- Opening Delimiter -
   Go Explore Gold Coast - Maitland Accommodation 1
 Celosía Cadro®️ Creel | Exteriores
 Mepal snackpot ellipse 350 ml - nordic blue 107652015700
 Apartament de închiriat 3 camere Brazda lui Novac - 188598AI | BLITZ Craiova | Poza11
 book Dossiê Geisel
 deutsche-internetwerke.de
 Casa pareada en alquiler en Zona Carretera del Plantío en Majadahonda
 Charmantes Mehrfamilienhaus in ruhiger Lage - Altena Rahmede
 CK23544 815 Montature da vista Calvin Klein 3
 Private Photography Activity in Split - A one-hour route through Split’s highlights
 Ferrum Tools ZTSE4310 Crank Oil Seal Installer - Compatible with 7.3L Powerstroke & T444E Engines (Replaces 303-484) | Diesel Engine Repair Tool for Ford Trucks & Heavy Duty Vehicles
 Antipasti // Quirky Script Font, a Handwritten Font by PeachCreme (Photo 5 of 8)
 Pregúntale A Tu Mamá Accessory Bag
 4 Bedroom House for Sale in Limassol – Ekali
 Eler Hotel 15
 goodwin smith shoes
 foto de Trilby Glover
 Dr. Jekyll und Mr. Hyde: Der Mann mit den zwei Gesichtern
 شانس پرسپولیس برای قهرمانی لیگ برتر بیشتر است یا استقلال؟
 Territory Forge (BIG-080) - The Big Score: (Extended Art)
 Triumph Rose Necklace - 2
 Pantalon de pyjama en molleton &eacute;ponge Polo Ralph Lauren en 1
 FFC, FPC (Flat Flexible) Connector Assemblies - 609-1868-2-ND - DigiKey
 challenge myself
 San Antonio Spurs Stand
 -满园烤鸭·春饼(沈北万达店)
- Closing Delimiter -
→ **Goal of the exercise**
Write the records out once more, word for word.

→ **Answer below**
   Go Explore Gold Coast - Maitland Accommodation 1
 Celosía Cadro®️ Creel | Exteriores
 Mepal snackpot ellipse 350 ml - nordic blue 107652015700
 Apartament de închiriat 3 camere Brazda lui Novac - 188598AI | BLITZ Craiova | Poza11
 book Dossiê Geisel
 deutsche-internetwerke.de
 Casa pareada en alquiler en Zona Carretera del Plantío en Majadahonda
 Charmantes Mehrfamilienhaus in ruhiger Lage - Altena Rahmede
 CK23544 815 Montature da vista Calvin Klein 3
 Private Photography Activity in Split - A one-hour route through Split’s highlights
 Ferrum Tools ZTSE4310 Crank Oil Seal Installer - Compatible with 7.3L Powerstroke & T444E Engines (Replaces 303-484) | Diesel Engine Repair Tool for Ford Trucks & Heavy Duty Vehicles
 Antipasti // Quirky Script Font, a Handwritten Font by PeachCreme (Photo 5 of 8)
 Pregúntale A Tu Mamá Accessory Bag
 4 Bedroom House for Sale in Limassol – Ekali
 Eler Hotel 15
 goodwin smith shoes
 foto de Trilby Glover
 Dr. Jekyll und Mr. Hyde: Der Mann mit den zwei Gesichtern
 شانس پرسپولیس برای قهرمانی لیگ برتر بیشتر است یا استقلال؟
 Territory Forge (BIG-080) - The Big Score: (Extended Art)
 Triumph Rose Necklace - 2
 Pantalon de pyjama en molleton &eacute;ponge Polo Ralph Lauren en 1
 FFC, FPC (Flat Flexible) Connector Assemblies - 609-1868-2-ND - DigiKey
 challenge myself
 San Antonio Spurs Stand
 -满园烤鸭·春饼(沈北万达店)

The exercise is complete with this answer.